Drop in the PaymentButton (client-side):

app/checkout/page.tsx
'use client'
import { PaymentButton } from '@/lib/solana-payments'

export default function CheckoutPage({ paymentUri }: { paymentUri: string }) {
  return (
    <PaymentButton
      paymentUri={paymentUri}
      onSuccess={(txSig) => fetch('/api/payment/verify', {
        method: 'POST',
        body: JSON.stringify({ txSignature: txSig }),
      })}
      onError={(err) => console.error(err)}
    />
  )
}

7. Verify it works

  1. Call createPaymentRequest({ amount: 1, userId: 'test' }) in a test route. Confirm a row appears in the payments table with status pending.
  2. Use the devnet playground to test the full payment flow before spending real USDC on mainnet.
  3. On mainnet: send the exact USDC amount to the treasury address and callverifyPayment() with the tx signature. Confirm thepayments row transitions to verified.
  4. Attempt to verify the same tx signature a second time.verifyPayment() must return { verified: false, error: 'Already processed' } (idempotency guard).

8. Failure modes & fixes

Transaction not found

Cause: The tx signature was queried before the transaction finalized on-chain.

Fix: Add a 2–5 second delay and retry once. Transactions on mainnet typically confirm within 1–2 slots (~800ms) but can take longer under load.
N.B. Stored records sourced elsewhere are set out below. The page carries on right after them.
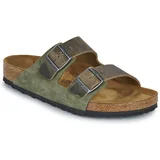 Birkenstock Natikači Arizona LEVE/LEOI Thyme Kaki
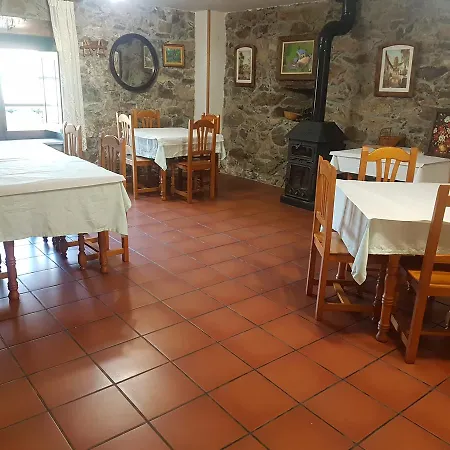 Casa Da Ponte * Ferreira (Lugo)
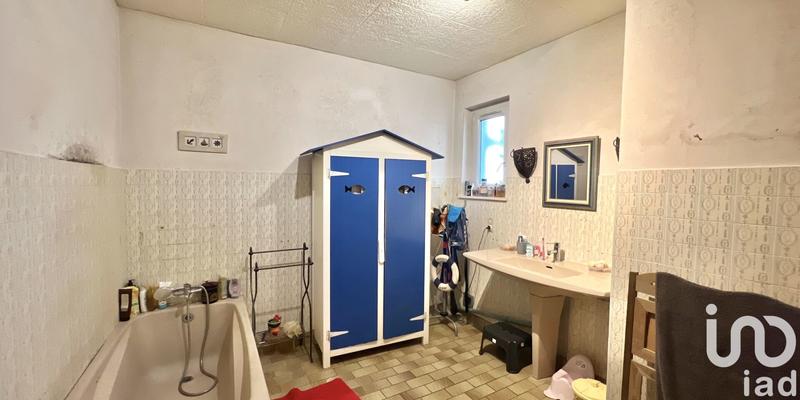 Maison - 140 m² - 5 pièces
Amount mismatch: expected 49.00, received 48.51

Cause: Buyer sent slightly less than the required amount (wallet fee deducted from the transfer amount).
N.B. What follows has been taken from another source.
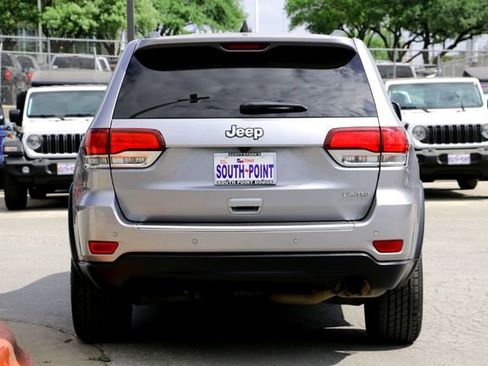 Used 2020 Jeep Grand Cherokee Limited image 6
Fix: Set the transfer amount to USDC (stable, no fee deduction). If using SOL, the tolerance band in verifyPayment() handles this — widen it in the config if needed.
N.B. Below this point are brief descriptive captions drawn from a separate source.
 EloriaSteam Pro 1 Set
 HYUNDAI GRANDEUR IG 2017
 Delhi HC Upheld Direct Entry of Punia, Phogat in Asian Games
Wrong recipient: expected <treasury>, got <other>

Cause: Buyer sent USDC to a different address.

Fix: Ensure the UI clearly displays the treasury address. Surface the exact address as a copy field — never rely on the buyer to remember it.

Mint mismatch

Cause: Buyer sent a different SPL token (not USDC).

Fix: verifyPayment() checks the mint against USDC_MINT. The block rejects non-USDC transfers. Show the USDC mint address in the payment UI.

PaymentExpiredError

Cause: The payment was not completed within the PAYMENT_EXPIRY_SECONDS window.

Fix: Create a new payment request. The expiry window is configurable. For large amounts, consider increasing PAYMENT_EXPIRY_SECONDS.

RPC 429 Too Many Requests

Cause: Using the public Solana RPC endpoint, which has aggressive rate limits.

Fix: Switch to a dedicated mainnet endpoint: Helius (https://helius.dev) or QuickNode. Set SOLANA_RPC_URL accordingly.

9. Security responsibilities

What this block guarantees:

  • 6-point on-chain verification: confirmed finality, exact recipient, exact amount (within tolerance), correct USDC mint, unique reference key, within expiry window.
  • Reference keys are single-use. The payments table has a unique constraint on reference keys — double-payment is rejected.
  • Verification runs server-side. The client submits a tx signature; the server does not trust the client's claim that payment was made.
  • All verification happens before any value is delivered. Never deliver before verifyPayment() returns verified: true.

What you must ensure:

  • Verify payment server-side before delivering value — this is the most important rule. Call verifyPayment() in your API route, not on the client.
  • Set SOLANA_CLUSTER=mainnet-beta. Never use devnet config in production.
  • Keep TREASURY_WALLET_ADDRESS and SUPABASE_SERVICE_ROLE_KEY server-side only.
  • Use a dedicated RPC endpoint in production. Public endpoints are rate-limited and unreliable under load.
  • Display the USDC mint address to users so they can verify they are sending the correct token.